Image-caption web data
______

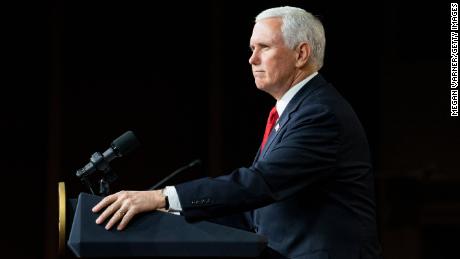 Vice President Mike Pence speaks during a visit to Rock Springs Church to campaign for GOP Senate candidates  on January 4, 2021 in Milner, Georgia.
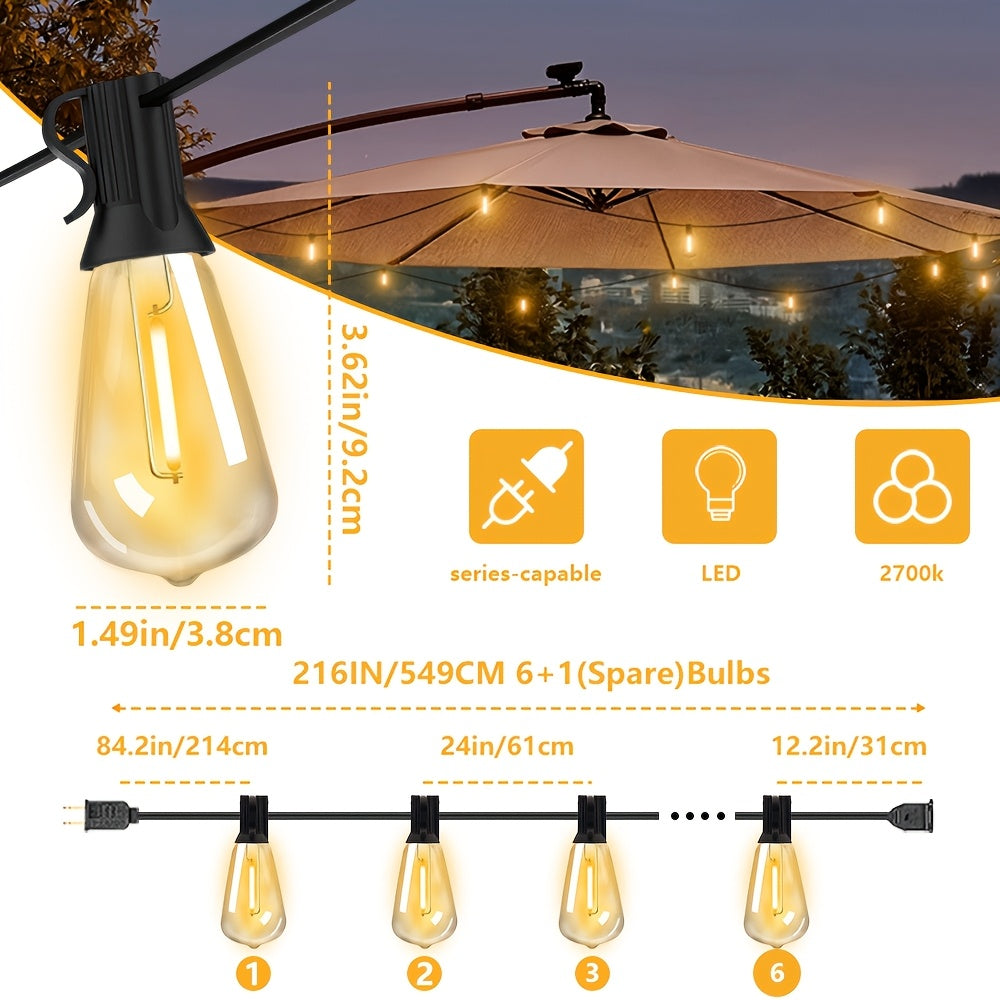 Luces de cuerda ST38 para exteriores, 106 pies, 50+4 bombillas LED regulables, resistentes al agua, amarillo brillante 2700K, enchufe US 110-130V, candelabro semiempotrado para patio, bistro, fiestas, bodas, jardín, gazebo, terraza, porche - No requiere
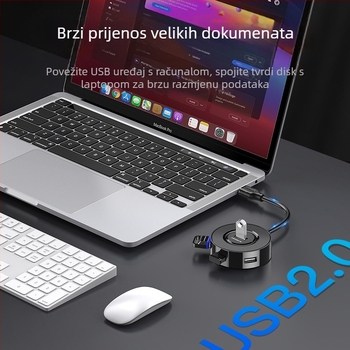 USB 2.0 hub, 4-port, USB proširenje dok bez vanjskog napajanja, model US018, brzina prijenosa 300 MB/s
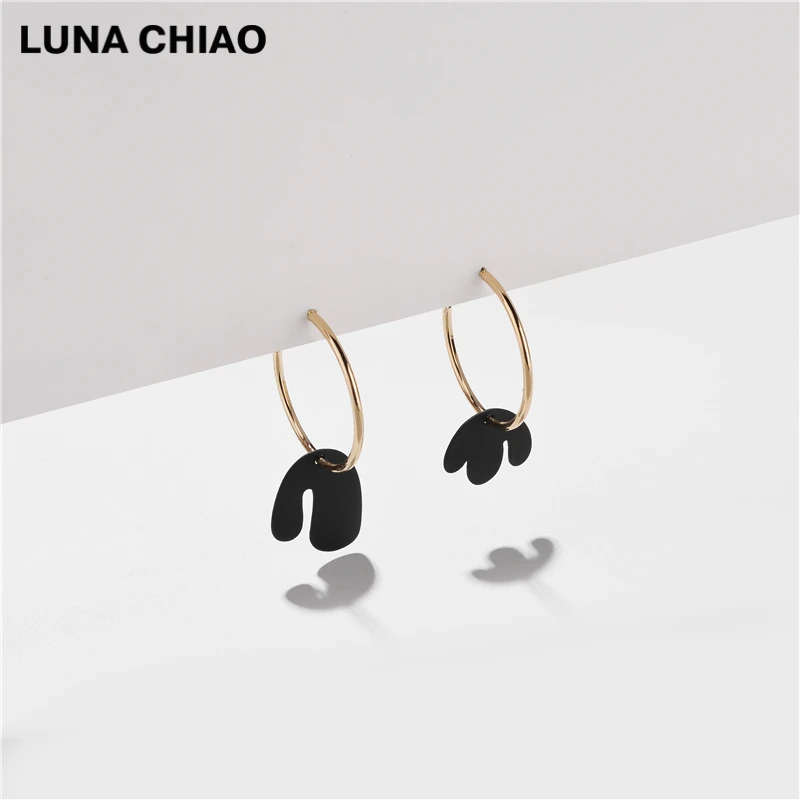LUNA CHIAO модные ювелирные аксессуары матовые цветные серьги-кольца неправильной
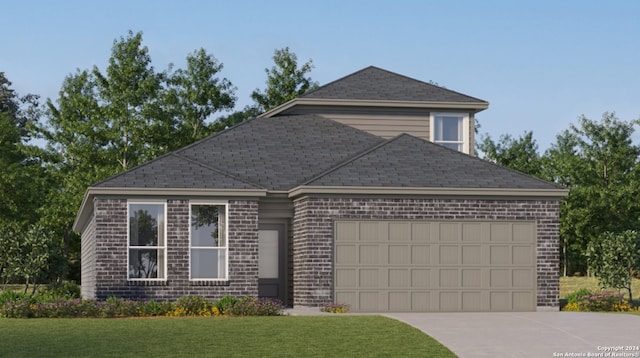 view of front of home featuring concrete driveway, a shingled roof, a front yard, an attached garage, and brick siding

______

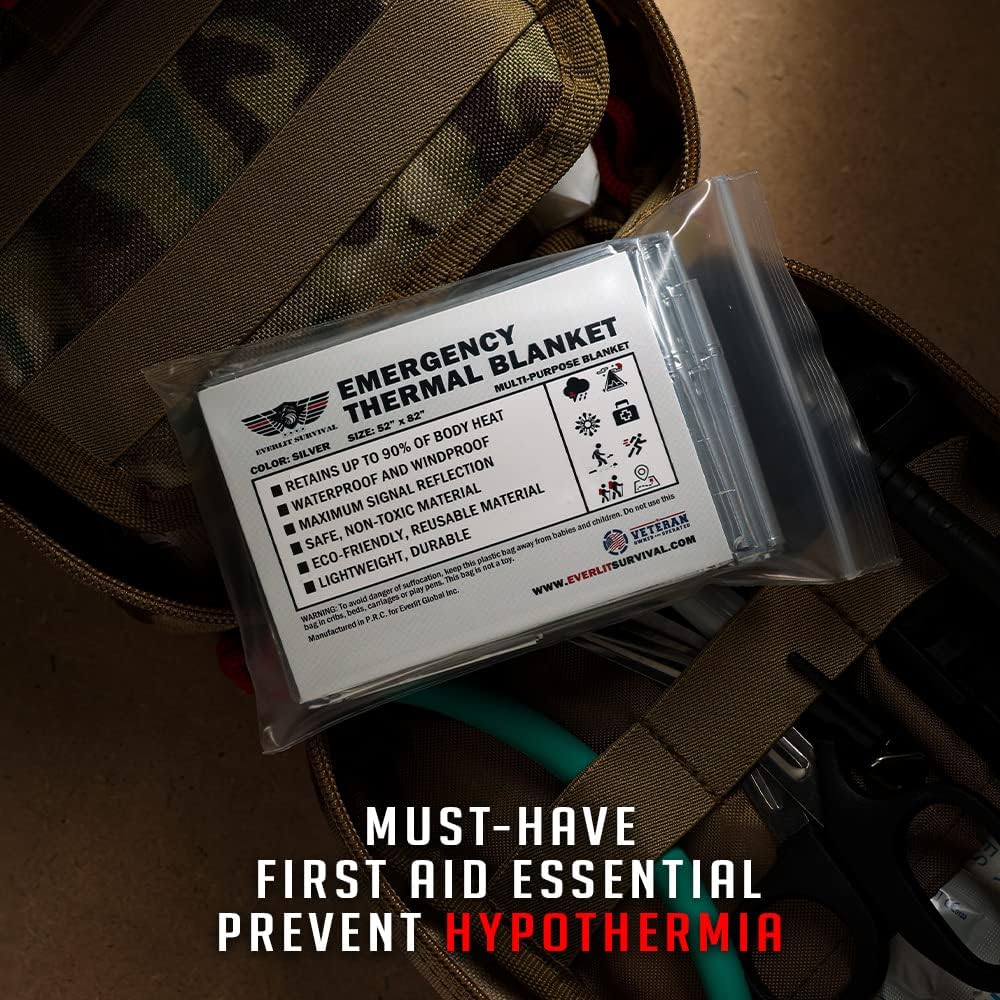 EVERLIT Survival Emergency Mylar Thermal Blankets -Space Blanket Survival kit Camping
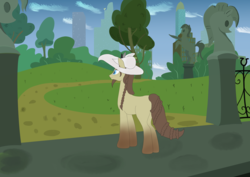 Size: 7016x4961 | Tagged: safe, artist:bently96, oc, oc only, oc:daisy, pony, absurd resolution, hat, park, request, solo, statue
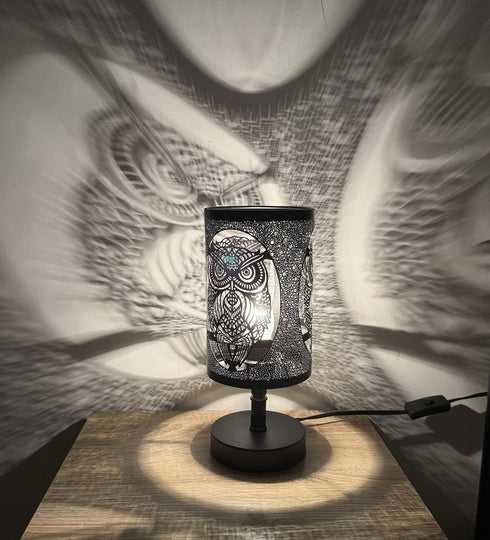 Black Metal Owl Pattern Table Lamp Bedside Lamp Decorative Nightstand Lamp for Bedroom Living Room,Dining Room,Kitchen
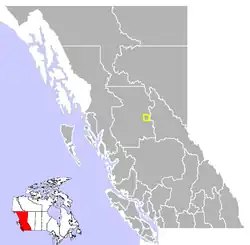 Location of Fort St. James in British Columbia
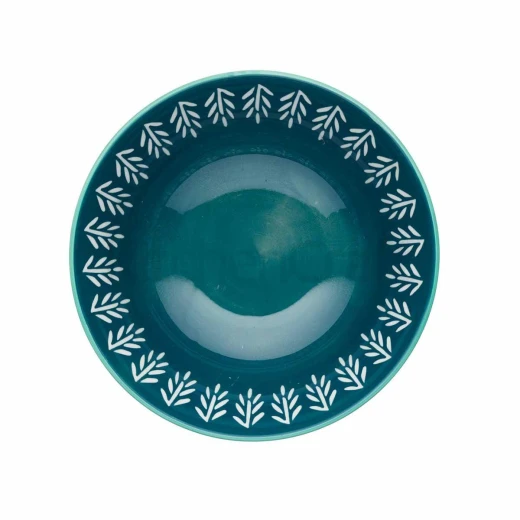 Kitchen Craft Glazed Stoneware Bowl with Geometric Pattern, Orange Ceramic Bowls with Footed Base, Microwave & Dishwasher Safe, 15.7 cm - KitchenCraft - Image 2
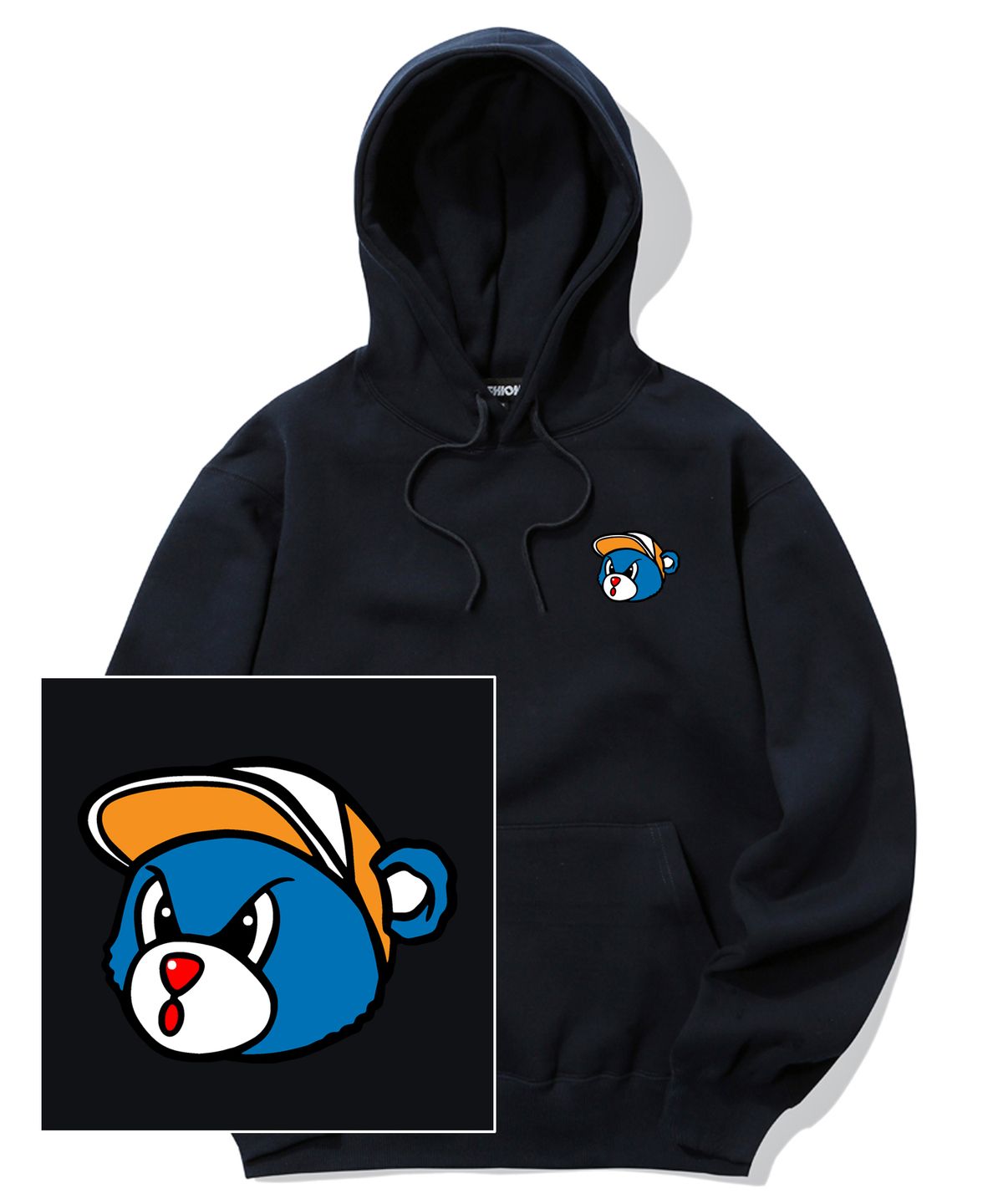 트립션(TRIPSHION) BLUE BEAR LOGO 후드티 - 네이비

______

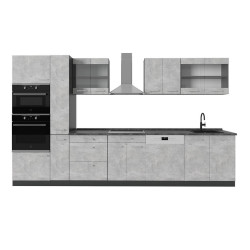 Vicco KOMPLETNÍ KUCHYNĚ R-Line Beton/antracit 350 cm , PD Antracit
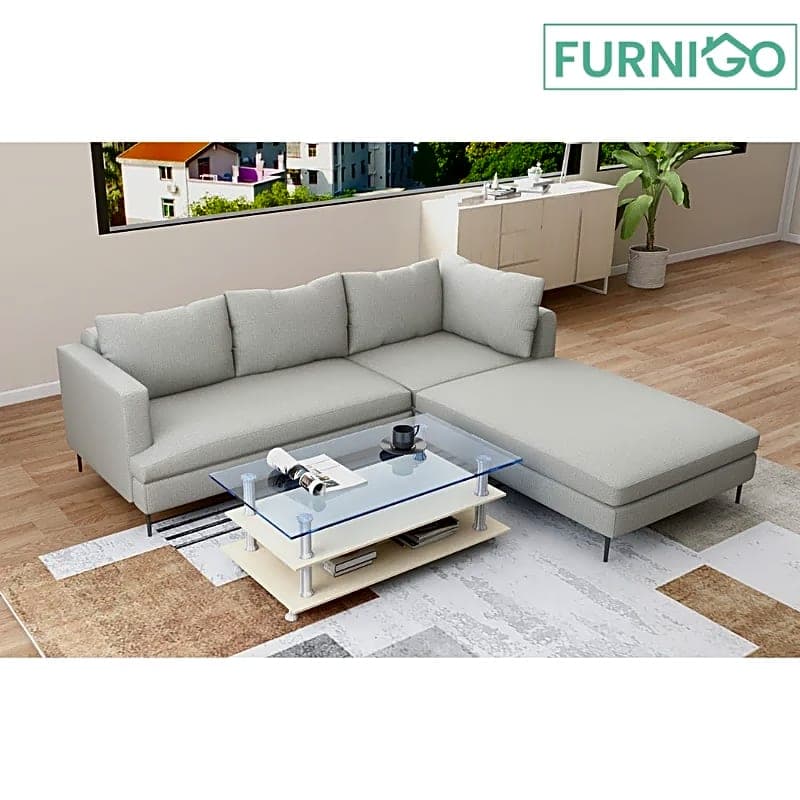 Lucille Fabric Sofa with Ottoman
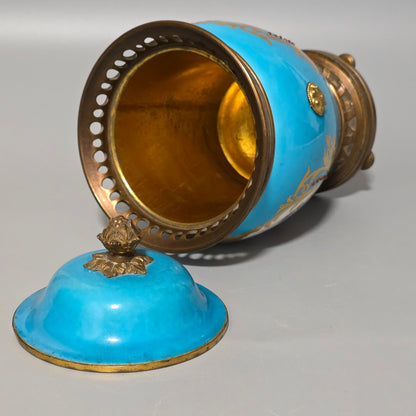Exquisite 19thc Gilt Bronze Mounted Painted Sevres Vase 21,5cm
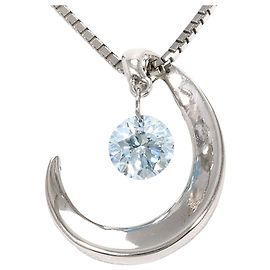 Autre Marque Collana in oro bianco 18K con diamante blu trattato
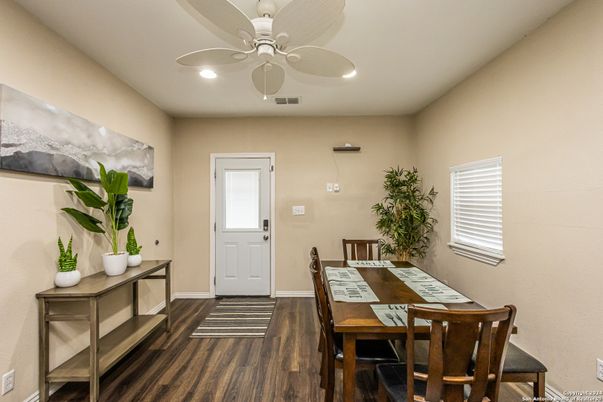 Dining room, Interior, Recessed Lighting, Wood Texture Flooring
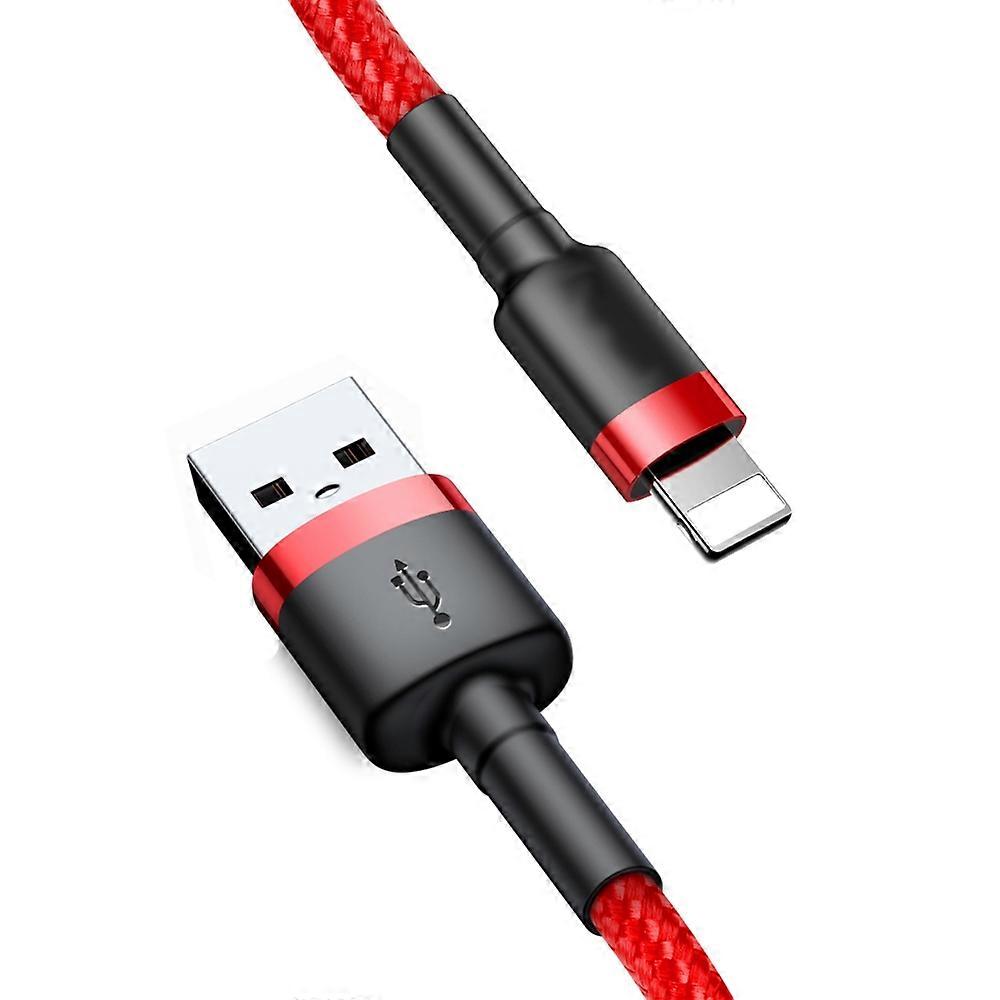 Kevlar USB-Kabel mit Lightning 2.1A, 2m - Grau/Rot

______

# Assignment
Retype only the lines above from the one with "Vice President Mike" through the one with "view of front", exactly and with both ends. Images stay out.

# Answer to the exercise
 Vice President Mike Pence speaks during a visit to Rock Springs Church to campaign for GOP Senate candidates  on January 4, 2021 in Milner, Georgia.
 Luces de cuerda ST38 para exteriores, 106 pies, 50+4 bombillas LED regulables, resistentes al agua, amarillo brillante 2700K, enchufe US 110-130V, candelabro semiempotrado para patio, bistro, fiestas, bodas, jardín, gazebo, terraza, porche - No requiere
 USB 2.0 hub, 4-port, USB proširenje dok bez vanjskog napajanja, model US018, brzina prijenosa 300 MB/s
LUNA CHIAO модные ювелирные аксессуары матовые цветные серьги-кольца неправильной
 view of front of home featuring concrete driveway, a shingled roof, a front yard, an attached garage, and brick siding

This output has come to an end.